## Exercise objective
In this exercise, print only the lines of the records below from the one with "ĐT futsal Việt" through the one with "Michael Kors Jet", inclusive. Pictures are not part of the copy.

## Supplied records
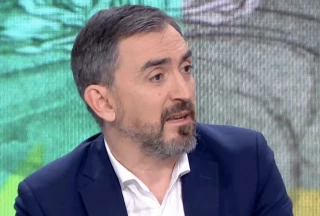 Ignacio Escolar recibe una notificación de la Comunidad de Madrid comunicándole su inminente ingreso en una residencia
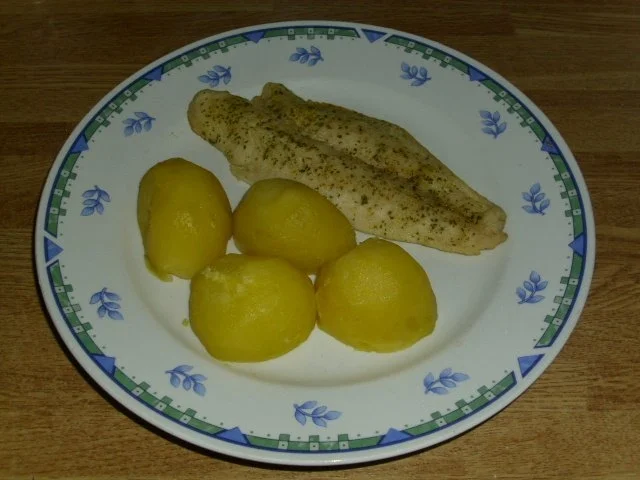 Rezept: Pangasius aus dem Rohr mit Salzkartoffeln Bild Nr. 3 Pangasius aus dem Rohr mit Salzkartoffeln - Rezept - Bild Nr. 3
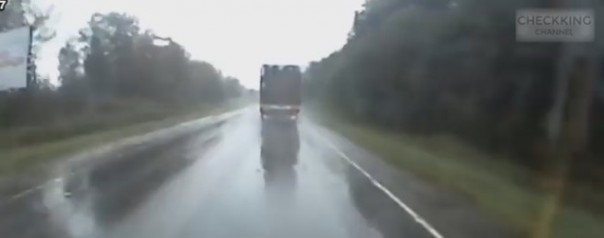 Невероятные водители грузовиков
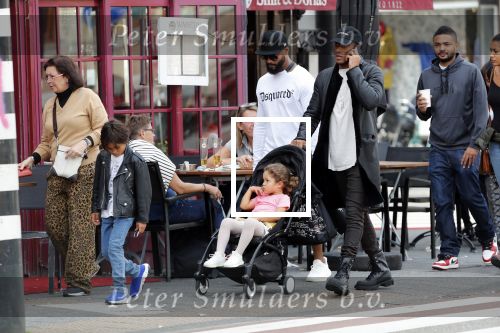 Amsterdam 9 september 2018
Sunnery James met zijn kinderen en een vriend op straat.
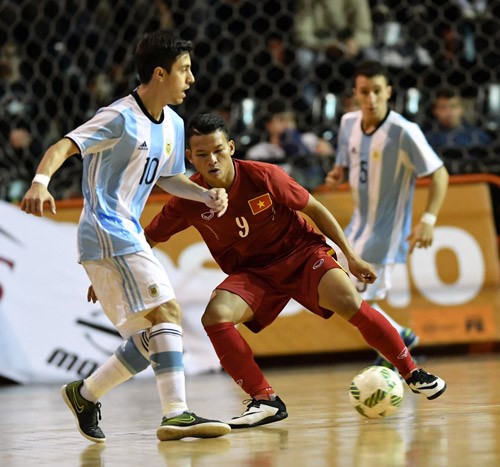 ĐT futsal Việt Nam trong trận đấu với Argentina 4 năm trước. Ảnh: Anh Trần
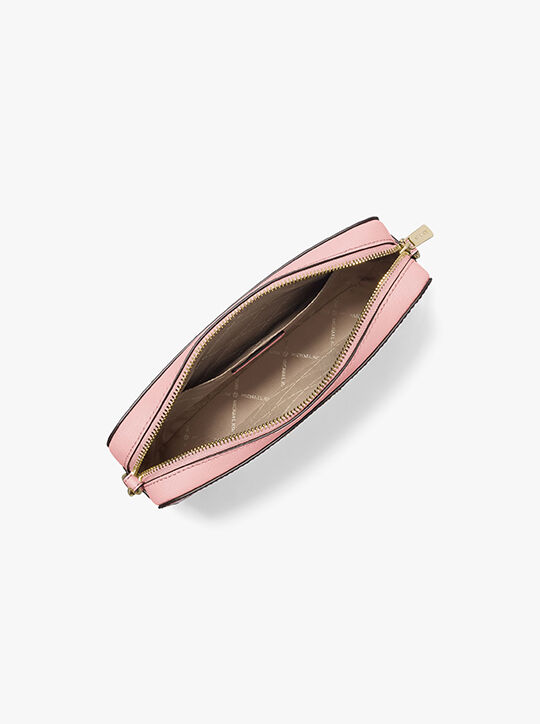 حقيبة كروسبودي جيت سيت كبيرة من جلد سافيانو michael kors حقيبة كروسبودي جيت سيت كبيرة من جلد سافيانو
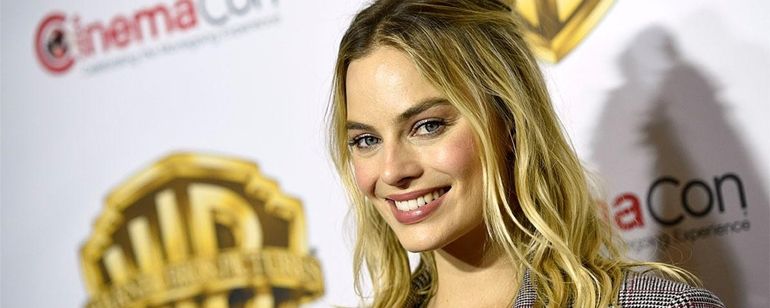 Margot Robbie revela que figurino original da Arlequina quase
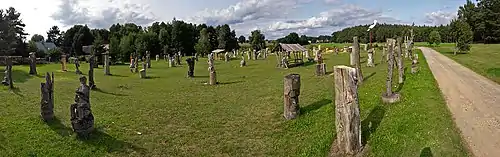 Holzskulpturenwiese (2017)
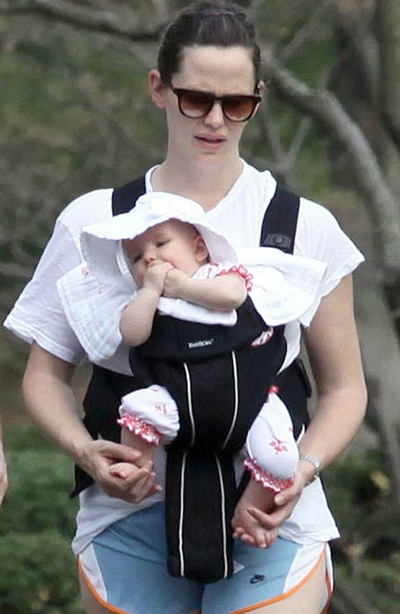 Jennifer Garner đẹp xinh ngày trở lại - 1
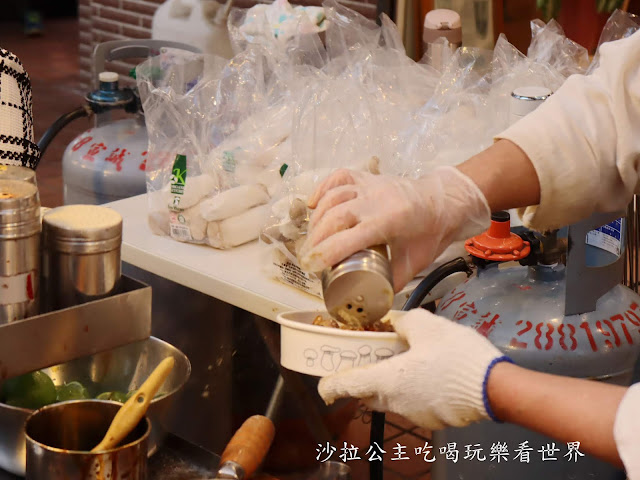 士林夜市美食/小吃『燒烤杏鮑菇』『北海道鹽烤帝王螺』『亞米亞米仙草奶凍/紅茶專賣』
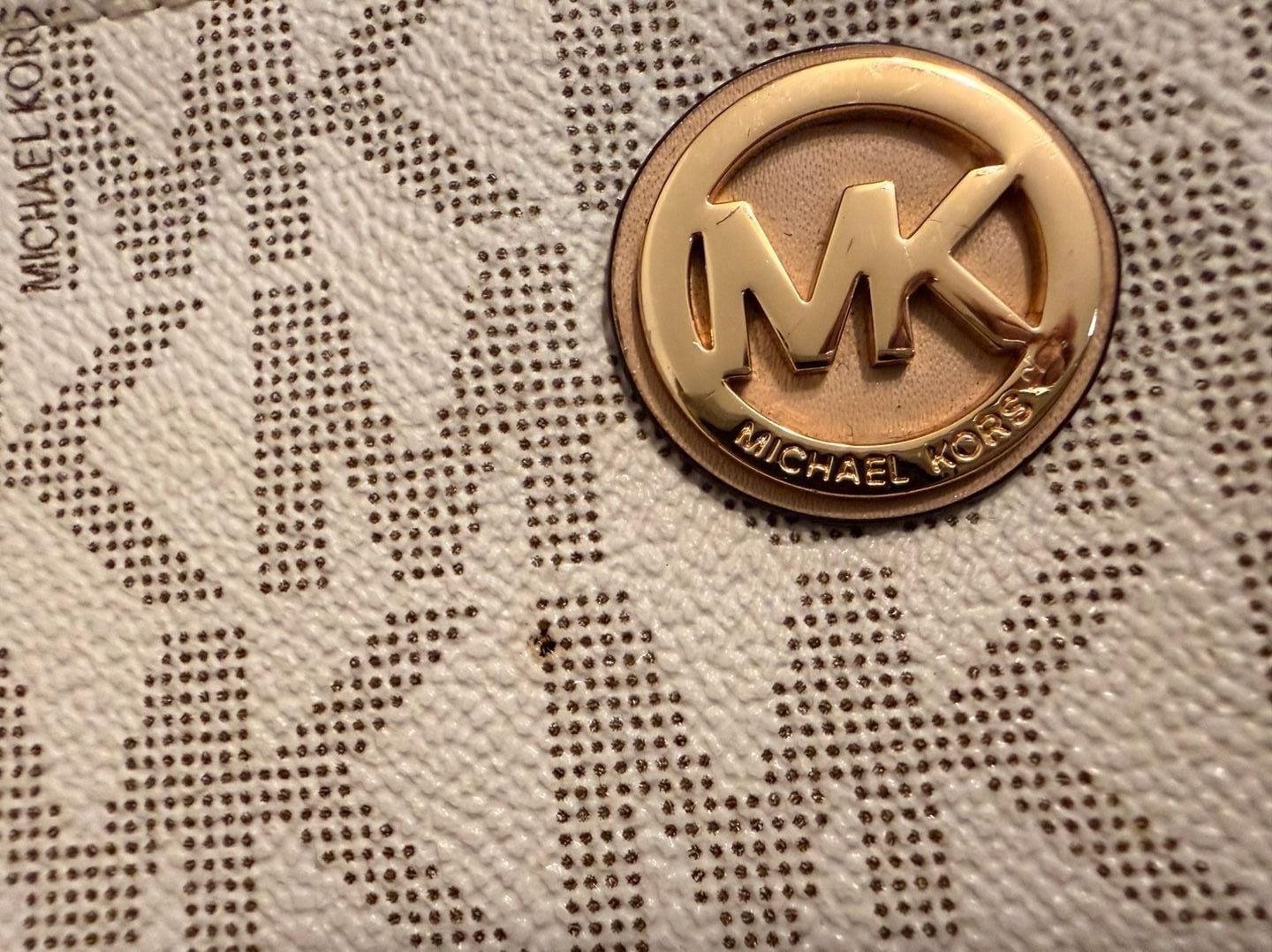Michael Kors Jet Set Vanilla PVC Crossbody Bag 3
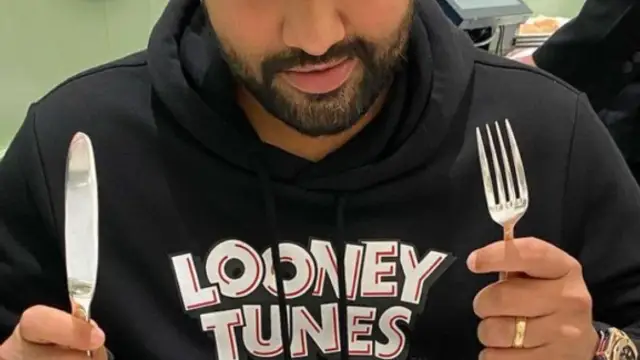 जल्दी आउट होने के बाद Rohit Sharma ने कर दी शर्मनाक हरकत, टीम इंडिया को संकट में छोड़ लूट रहे थे मजे, सोशल मीडिया पर फैंस ने लगा दी क्लास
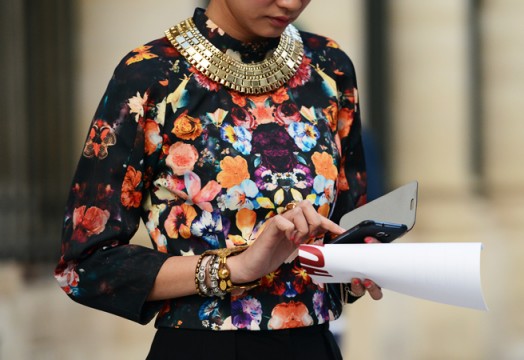 necklace-floral-print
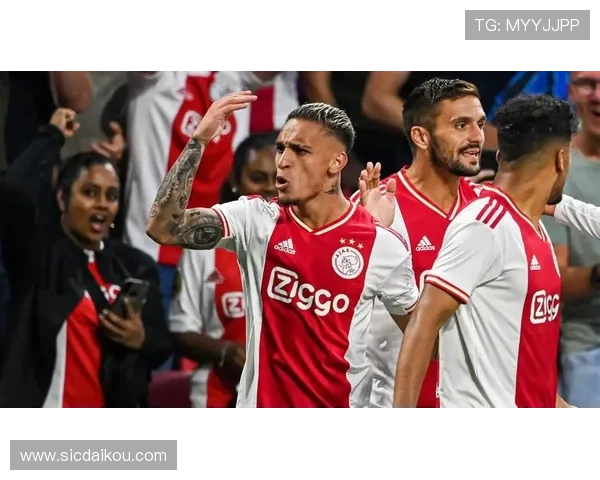 乔治精彩破门助力阿贾克斯10人反击领先局面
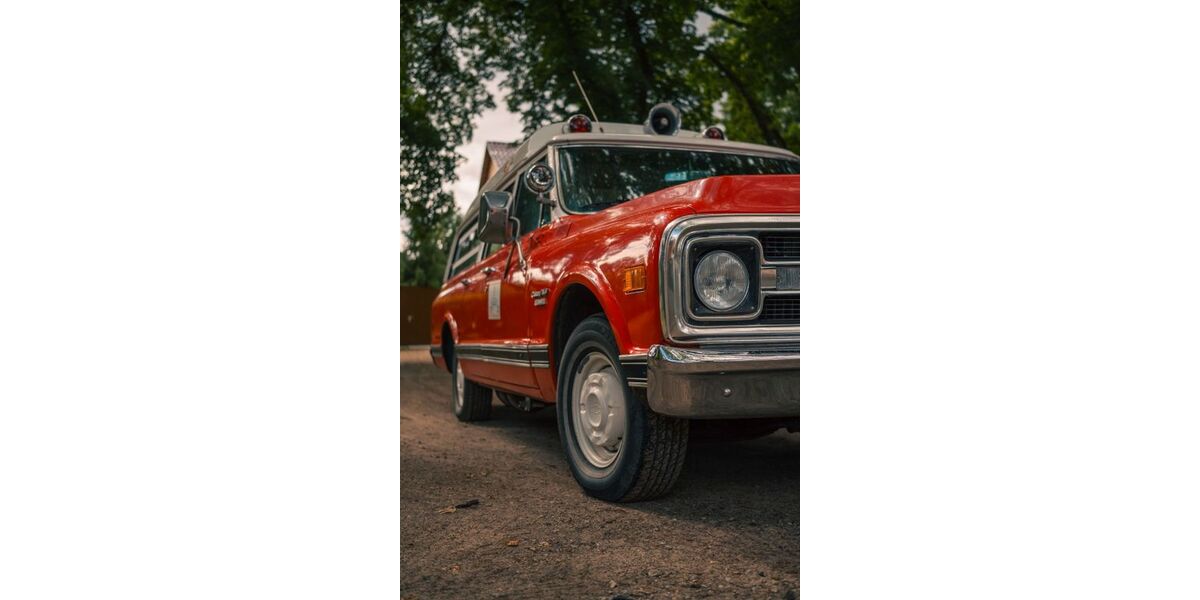 Chevrolet Suburban 145.000 km 17.900 € Wildau 15745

## Solved exercise
 ĐT futsal Việt Nam trong trận đấu với Argentina 4 năm trước. Ảnh: Anh Trần
 حقيبة كروسبودي جيت سيت كبيرة من جلد سافيانو michael kors حقيبة كروسبودي جيت سيت كبيرة من جلد سافيانو
 Margot Robbie revela que figurino original da Arlequina quase
 Holzskulpturenwiese (2017)
 Jennifer Garner đẹp xinh ngày trở lại - 1
 士林夜市美食/小吃『燒烤杏鮑菇』『北海道鹽烤帝王螺』『亞米亞米仙草奶凍/紅茶專賣』
Michael Kors Jet Set Vanilla PVC Crossbody Bag 3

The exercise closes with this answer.